You can also setup services to have their endpoints aware of network topologies with [topology aware routing](https://kubernetes.io/docs/concepts/services-networking/topology-aware-routing/).

If you set the environment variable `ENABLE_SERVICE_TOPOLOGY_MODE="true"` this will enable setting the annotations `service.kubernetes.io/topology-mode="auto"`.

If you turn this on you can also set `spec.serviceTopologyMode` to any value if you want to disable this for particular egress'. For example
if you set `spec.serviceTopologyMode: "None"` this will disable topology aware routing for your ExternalService.

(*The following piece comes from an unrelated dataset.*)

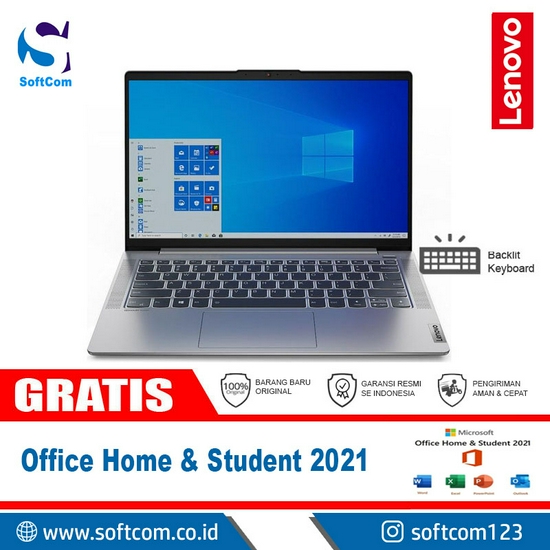 Lenovo IdeaPad Slim 5i 14ITL05-82FE00Y1ID /Core i7-1165G7/16GB/512GB SSD/VGA 2GB/14″/Win 11 Home+OHS 2021/Platinum Grey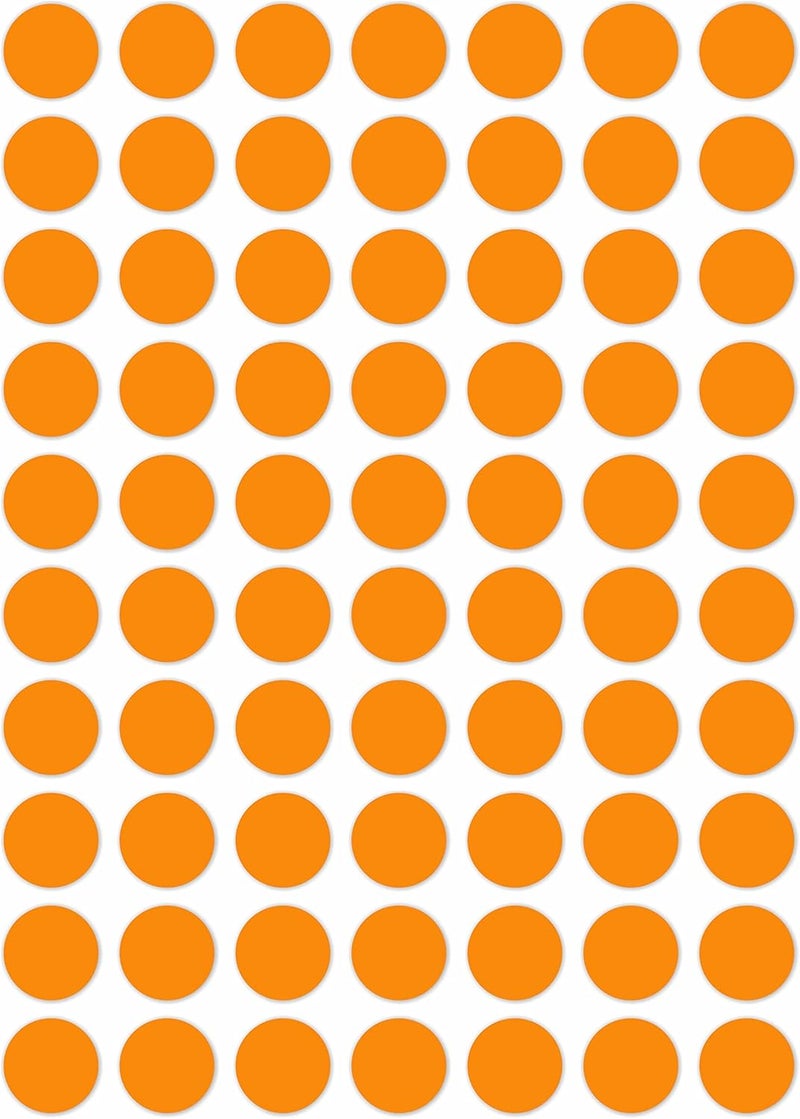 PARLAIM 1050 3/4" Round Color Coding Circle Dot Label Stickers, 15 Sheets, 0.75 inch Fluorescent Orange - Image 1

| Variable name | Default | Description |
|------------------------------------|-------------------------------------------|-----------------------------------------------------------|
| ENVOY_IMAGE | `envoyproxy/envoy-alpine:v1.16.5` | Name of the Envoy Proxy image to use |
| TAINT_TOLERATION_KEY | Empty, no tolerations applied | Toleration key to apply to gateway pods |
| TAINT_TOLERATION_VALUE | Empty, no tolerations applied | Toleration value to apply to gateway pods |
| NODE_SELECTOR_KEY | Empty, no node selector added | Node selector label key to apply to gateway pods |
| NODE_SELECTOR_VALUE | Empty, no node selector added | Node selector label value to apply to gateway pods |
| POD_TOPOLOGY_ZONE_MAX_SKEW_KEY | `topology.kubernetes.io/zone` | Topology key for the zone constraint |
| POD_TOPOLOGY_ZONE_MAX_SKEW | Empty, won't inject a zone constraint | Value of maxSkew for the zone constraint |
| POD_TOPOLOGY_HOSTNAME_MAX_SKEW_KEY | `kubernetes.io/hostname` | Topology key for the hostname constraint |
| POD_TOPOLOGY_HOSTNAME_MAX_SKEW | Empty, won't inject a hostname constraint | Value of maxSkew for the hostname constraint |
| ENABLE_SERVICE_TOPOLOGY_MODE | Empty, won't add the annotation | Set to 'true' to add the topology mode service annotation |